Universal finite-size scaling in high-dimensional critical phenomena
Yucheng Liu, Jiwoon Park, Gordon Slade
TL;DR
This work develops a unified finite-size scaling framework for lattice models above their upper critical dimension under periodic boundary conditions by unwrapping finite tori to infinite lattices, yielding a general plateau theorem that ties the scaling window, susceptibility, and two-point plateau to universal exponents governed by the SR upper critical dimension. The authors verify the core hypotheses for long-range self-avoiding walk via the lace expansion and discuss extensions to other models (Ising, $|\varphi|^4$, percolation, branched polymers), establishing model-independent scaling relations and proposing universal profile functions $f(s)$ that interpolate through the critical window.
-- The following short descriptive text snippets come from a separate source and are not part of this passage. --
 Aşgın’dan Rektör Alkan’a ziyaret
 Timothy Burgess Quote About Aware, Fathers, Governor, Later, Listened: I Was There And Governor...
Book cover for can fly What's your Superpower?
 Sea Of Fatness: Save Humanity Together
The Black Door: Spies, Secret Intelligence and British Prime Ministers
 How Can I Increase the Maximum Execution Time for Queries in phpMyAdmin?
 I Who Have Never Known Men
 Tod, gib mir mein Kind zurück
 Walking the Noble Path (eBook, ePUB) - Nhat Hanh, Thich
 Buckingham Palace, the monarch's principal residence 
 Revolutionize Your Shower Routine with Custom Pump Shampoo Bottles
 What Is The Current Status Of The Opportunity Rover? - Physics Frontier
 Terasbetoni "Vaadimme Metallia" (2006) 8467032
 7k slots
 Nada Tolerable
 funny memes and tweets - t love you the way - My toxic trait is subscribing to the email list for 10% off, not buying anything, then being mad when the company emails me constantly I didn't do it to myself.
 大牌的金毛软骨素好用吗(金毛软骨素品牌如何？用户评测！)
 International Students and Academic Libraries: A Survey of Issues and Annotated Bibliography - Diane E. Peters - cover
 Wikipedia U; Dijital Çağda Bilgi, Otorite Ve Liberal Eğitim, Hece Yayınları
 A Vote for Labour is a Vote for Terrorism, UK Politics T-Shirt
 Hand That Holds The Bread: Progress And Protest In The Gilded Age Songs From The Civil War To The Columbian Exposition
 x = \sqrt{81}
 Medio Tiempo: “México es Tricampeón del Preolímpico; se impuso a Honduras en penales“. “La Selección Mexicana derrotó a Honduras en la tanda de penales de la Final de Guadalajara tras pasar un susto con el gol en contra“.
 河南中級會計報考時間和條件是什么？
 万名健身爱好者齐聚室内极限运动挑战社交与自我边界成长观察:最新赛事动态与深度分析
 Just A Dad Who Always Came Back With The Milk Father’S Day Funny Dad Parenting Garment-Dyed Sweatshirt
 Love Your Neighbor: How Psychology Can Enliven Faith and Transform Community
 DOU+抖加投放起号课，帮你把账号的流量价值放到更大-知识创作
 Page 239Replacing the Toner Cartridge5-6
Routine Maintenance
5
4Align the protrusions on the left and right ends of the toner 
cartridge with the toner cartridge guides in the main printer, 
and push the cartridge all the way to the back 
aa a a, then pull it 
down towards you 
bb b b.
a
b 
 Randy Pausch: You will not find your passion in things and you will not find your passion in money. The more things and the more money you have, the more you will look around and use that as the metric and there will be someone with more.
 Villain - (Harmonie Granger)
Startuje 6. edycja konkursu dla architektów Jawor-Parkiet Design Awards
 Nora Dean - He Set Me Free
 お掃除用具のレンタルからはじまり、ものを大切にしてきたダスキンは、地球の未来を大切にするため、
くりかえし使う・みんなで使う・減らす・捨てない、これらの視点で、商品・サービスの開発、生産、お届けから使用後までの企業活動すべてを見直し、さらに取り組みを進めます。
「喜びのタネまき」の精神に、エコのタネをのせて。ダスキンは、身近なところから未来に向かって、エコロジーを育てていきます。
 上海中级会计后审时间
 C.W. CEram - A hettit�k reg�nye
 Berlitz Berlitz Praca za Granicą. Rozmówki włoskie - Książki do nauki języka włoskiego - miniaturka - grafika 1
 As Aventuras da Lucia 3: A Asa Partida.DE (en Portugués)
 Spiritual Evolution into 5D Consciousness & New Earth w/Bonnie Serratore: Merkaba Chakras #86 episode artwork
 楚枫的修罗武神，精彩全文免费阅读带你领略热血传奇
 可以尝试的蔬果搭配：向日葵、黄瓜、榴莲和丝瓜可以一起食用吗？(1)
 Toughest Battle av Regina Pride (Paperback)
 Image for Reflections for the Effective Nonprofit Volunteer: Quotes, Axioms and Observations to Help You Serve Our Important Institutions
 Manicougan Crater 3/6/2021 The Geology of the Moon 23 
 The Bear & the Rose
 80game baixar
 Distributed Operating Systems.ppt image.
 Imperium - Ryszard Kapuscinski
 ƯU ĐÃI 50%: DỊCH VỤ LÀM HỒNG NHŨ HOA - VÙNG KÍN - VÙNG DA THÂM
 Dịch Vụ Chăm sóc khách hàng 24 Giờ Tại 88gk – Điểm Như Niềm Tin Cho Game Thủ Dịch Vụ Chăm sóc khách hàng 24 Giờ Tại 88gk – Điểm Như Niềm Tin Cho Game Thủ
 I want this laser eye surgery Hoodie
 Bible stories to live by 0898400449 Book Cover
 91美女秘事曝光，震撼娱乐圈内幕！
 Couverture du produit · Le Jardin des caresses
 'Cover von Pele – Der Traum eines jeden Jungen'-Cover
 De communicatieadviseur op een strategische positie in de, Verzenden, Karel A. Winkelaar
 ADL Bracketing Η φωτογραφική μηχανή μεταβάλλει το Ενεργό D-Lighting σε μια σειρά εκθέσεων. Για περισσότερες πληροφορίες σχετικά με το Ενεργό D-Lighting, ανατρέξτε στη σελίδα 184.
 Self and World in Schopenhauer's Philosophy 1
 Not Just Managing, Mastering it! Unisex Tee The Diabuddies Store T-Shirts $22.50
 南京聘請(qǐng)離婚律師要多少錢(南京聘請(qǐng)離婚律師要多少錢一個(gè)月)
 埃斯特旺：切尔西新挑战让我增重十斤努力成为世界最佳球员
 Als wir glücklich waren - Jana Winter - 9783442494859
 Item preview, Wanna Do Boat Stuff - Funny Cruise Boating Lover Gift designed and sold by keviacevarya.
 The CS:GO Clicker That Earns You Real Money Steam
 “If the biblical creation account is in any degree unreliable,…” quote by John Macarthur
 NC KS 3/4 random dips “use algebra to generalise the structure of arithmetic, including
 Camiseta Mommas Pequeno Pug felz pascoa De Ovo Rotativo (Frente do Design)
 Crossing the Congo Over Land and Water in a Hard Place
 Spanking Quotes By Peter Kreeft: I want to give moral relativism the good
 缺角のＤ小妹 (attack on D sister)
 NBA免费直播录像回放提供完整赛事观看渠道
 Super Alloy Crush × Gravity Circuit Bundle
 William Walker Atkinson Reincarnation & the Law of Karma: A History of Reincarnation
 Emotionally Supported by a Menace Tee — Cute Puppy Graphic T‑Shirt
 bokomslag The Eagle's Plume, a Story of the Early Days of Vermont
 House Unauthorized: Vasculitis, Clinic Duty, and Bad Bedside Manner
They also address the role of free boundary conditions, conjecturing that the same universal profiles persist around a shifted pseudocritical point, with known proofs for SR Ising and percolation supporting this view. The work connects rigorous high-dimensional FSS with universal profiles, bridging SR and LR physics and providing a rigorous foundation for finite-size effects in a broad class of critical phenomena.
Abstract
We present a new unified theory of critical finite-size scaling for lattice statistical mechanical models with periodic boundary conditions above the upper critical dimension. Our theory is based on recent mathematically rigorous results for linear and branched polymers, multi-component spin systems, and percolation. Both short-range and long-range interactions are included. The universal finite-size scaling is inherited from the scaling of the system unwrapped to the infinite lattice. We also present conjectures for universal scaling profiles for the susceptibility and two-point function plateau in a critical window. For free boundary conditions, the universal scaling has been proven to apply at a pseudocritical point for hierarchical spins, and we conjecture that this holds generally.